Ukraine has filed a case with the European Court of Human Rights (ECHR) accusing Russia of the “targeted assassinations” of its political opponents “in Russia and on the territory of other state” and of hiding its lethal activities, a Tuesday press release from the ECHR revealed.
Denis Malyuska, Ukraine’s justice minister, confirmed on Tuesday that the country had opened the new case against Russia.
“The scenario when a large neighbour … is busy bullying smaller neighbours is quite typical,” Malyuska added on Facebook, describing Russia as “brazen, arrogant and aggressive”.
The government in Kyiv insists that Moscow’s alleged authorization of assassinations against its political opponents “outside a situation of armed conflict,” which occur both in Russia and in other countries — including Council of Europe member states — violates Article 2 of the European Convention on Human Rights, which guarantees the “right to life.”
It is the ninth case taken by Ukraine against Russia at the ECHR, which hears complaints over alleged breaches of the European Convention on Human Rights.
“We have finally done this,” said Ivan Lishchyna, Ukraine’s deputy justice minister and a commissioner for the rights court. “We tried to cover all cases for which there is solid evidence of Russian involvement.”.
Ukraine further alleges that Russia has an “administrative practice” of not investigating the alleged assassinations and of “deliberately mounting cover-up operations aimed at frustrating efforts to find the persons responsible.”
Ukraine argues that they constitute an infringement of the right to life, which is protected by the Convention on Human Rights, to which Russia is a signatory.
Europeiska Pravda, a Ukrainian outlet, said the case includes the alleged poisoning of Kremlin critic Alexei Navalny, according to the Agence France-Presse (AFP). Navalny, an outspoken proponent of Russian President Vladimir Putin, fell ill on a flight to Moscow last year and has since accused Putin of ordering his death.

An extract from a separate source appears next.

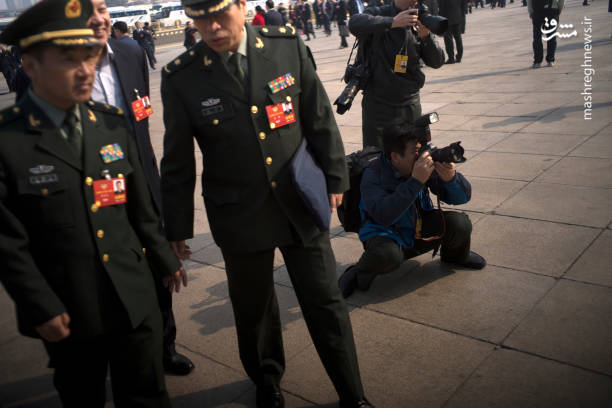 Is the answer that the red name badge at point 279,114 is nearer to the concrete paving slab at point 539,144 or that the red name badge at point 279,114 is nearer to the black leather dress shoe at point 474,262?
the black leather dress shoe at point 474,262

The ECHR press release did not, however, specify any of the alleged assassinations related to the Ukrainian filing. Ukraine’s filing marks its ninth case against Russia in the ECHR, according to Radio Free Europe Radio Liberty (RFERL).
The ECHR release noted that, including the assassination case, the court has four pending Ukrainian-backed suits against Russia. Among them is a case involving the shooting down of Malaysian Airlines flight MH17, which occurred in July 2014. Another involves alleged Russian convention violations in Crimea and a third addresses the Russian seizure of three Ukrainian naval vessels in the Kerch Strait in 2018.
The case on the human rights violations in Crimea was declared partly admissible by the Grand Chamber of the Court on January 14.
A Grand Chamber judgment on the case will be delivered at a later date, according to court documents. The other three cases are still to be reviewed by branches of the court.
Russia and Ukraine have been at war since Russian rebels, which Kyiv contests are sanctioned by Moscow, launched attacks on the Ukrainian government, declaring themselves sovereign states. Russia, backed by these rebels, invaded and annexed the Crimean Peninsula in 2014.
Kyiv, the Ukrainian capital, was the historical seat of the medieval Kievan Rus and later part of a greater Russian state from 1667-1991, with brief interludes during the First and Second World Wars.
Ethnic Russians, mostly concentrated in the country’s eastern half, remain Ukraine’s largest minority group, according to Brittanica, though lingering active territorial disputes with Moscow and the ongoing Donbass conflict make an exact figure difficult to calculate.